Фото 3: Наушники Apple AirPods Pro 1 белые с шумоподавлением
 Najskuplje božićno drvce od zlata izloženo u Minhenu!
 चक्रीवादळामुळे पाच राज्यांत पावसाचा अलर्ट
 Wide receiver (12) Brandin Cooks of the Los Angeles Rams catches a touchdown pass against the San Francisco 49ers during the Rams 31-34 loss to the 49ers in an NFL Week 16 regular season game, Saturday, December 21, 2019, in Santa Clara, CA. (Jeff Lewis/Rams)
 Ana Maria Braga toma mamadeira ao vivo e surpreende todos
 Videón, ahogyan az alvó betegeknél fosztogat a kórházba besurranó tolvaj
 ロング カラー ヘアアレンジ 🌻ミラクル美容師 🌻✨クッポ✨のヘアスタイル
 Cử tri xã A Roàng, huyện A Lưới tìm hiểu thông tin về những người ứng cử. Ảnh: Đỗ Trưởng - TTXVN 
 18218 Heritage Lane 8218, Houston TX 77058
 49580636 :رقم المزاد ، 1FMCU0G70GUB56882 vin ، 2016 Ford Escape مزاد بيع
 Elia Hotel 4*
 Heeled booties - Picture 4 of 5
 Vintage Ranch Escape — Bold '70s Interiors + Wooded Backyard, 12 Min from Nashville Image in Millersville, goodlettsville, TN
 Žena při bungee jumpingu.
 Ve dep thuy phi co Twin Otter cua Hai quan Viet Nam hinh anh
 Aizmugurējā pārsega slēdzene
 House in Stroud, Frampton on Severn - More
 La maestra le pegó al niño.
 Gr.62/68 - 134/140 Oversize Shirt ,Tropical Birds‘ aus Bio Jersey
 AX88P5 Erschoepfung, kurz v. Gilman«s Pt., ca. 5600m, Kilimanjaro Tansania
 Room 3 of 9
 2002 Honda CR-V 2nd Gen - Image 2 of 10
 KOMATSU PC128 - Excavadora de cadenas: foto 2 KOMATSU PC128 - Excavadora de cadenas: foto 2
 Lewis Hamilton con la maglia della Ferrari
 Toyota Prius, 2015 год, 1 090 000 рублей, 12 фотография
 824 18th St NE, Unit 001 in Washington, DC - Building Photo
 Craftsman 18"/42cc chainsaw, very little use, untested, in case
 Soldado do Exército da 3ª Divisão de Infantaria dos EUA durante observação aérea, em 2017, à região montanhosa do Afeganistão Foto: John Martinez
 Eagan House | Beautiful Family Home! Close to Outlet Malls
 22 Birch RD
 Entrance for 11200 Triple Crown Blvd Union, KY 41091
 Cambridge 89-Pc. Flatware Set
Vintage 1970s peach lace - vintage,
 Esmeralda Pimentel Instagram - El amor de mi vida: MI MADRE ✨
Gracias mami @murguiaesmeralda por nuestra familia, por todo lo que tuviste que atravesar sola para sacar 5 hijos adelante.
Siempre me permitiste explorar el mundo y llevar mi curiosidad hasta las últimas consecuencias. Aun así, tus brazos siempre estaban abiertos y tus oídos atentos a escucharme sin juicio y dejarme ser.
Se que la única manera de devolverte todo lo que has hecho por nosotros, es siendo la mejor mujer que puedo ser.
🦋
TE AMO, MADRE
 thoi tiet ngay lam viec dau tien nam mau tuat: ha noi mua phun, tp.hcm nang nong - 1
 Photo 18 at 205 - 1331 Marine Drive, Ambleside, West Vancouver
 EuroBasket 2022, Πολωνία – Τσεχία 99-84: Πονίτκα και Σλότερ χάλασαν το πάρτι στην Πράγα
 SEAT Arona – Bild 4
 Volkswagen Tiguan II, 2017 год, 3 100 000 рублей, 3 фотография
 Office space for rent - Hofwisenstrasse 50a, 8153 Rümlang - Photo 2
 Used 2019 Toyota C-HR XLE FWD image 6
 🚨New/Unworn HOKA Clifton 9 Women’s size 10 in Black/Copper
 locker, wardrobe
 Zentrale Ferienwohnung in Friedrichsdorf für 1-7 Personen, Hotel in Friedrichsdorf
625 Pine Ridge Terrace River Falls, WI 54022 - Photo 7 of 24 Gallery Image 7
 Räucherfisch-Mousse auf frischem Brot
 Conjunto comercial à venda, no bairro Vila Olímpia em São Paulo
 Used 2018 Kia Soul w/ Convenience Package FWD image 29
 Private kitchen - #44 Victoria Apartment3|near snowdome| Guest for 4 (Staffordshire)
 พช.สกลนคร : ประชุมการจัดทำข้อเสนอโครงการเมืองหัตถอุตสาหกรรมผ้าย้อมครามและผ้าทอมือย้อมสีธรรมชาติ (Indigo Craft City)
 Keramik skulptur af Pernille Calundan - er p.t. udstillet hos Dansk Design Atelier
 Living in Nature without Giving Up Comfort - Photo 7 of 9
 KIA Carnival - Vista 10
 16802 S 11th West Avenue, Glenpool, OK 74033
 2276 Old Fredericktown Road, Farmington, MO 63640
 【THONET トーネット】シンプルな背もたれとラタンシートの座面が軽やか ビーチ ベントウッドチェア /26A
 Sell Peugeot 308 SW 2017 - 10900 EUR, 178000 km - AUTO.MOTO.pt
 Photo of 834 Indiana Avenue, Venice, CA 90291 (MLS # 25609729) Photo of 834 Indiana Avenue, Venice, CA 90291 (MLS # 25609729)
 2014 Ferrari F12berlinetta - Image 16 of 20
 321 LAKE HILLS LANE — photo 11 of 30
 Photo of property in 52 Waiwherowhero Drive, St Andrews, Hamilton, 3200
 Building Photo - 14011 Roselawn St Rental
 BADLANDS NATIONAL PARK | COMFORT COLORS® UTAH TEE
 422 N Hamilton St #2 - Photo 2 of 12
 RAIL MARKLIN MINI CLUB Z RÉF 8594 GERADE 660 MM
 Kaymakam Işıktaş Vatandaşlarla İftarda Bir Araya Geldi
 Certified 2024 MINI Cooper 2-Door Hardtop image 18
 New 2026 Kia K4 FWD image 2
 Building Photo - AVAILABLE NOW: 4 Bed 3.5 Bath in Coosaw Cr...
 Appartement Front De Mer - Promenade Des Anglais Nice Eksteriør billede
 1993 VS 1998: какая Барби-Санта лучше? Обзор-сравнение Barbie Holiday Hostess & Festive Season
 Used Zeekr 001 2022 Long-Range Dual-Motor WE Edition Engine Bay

┄┄┄┄┄┄┄┄┄┄

TASK ITEM ▸
The entries above hold the needed span. Transcribe exactly the lines from the one with "Aizmugurējā pārsega slēdzene" to the one with "Soldado do Exército", both included.

WRITTEN RESPONSE ▸
 Aizmugurējā pārsega slēdzene
 House in Stroud, Frampton on Severn - More
 La maestra le pegó al niño.
 Gr.62/68 - 134/140 Oversize Shirt ,Tropical Birds‘ aus Bio Jersey
 AX88P5 Erschoepfung, kurz v. Gilman«s Pt., ca. 5600m, Kilimanjaro Tansania
 Room 3 of 9
 2002 Honda CR-V 2nd Gen - Image 2 of 10
 KOMATSU PC128 - Excavadora de cadenas: foto 2 KOMATSU PC128 - Excavadora de cadenas: foto 2
 Lewis Hamilton con la maglia della Ferrari
 Toyota Prius, 2015 год, 1 090 000 рублей, 12 фотография
 824 18th St NE, Unit 001 in Washington, DC - Building Photo
 Craftsman 18"/42cc chainsaw, very little use, untested, in case
 Soldado do Exército da 3ª Divisão de Infantaria dos EUA durante observação aérea, em 2017, à região montanhosa do Afeganistão Foto: John Martinez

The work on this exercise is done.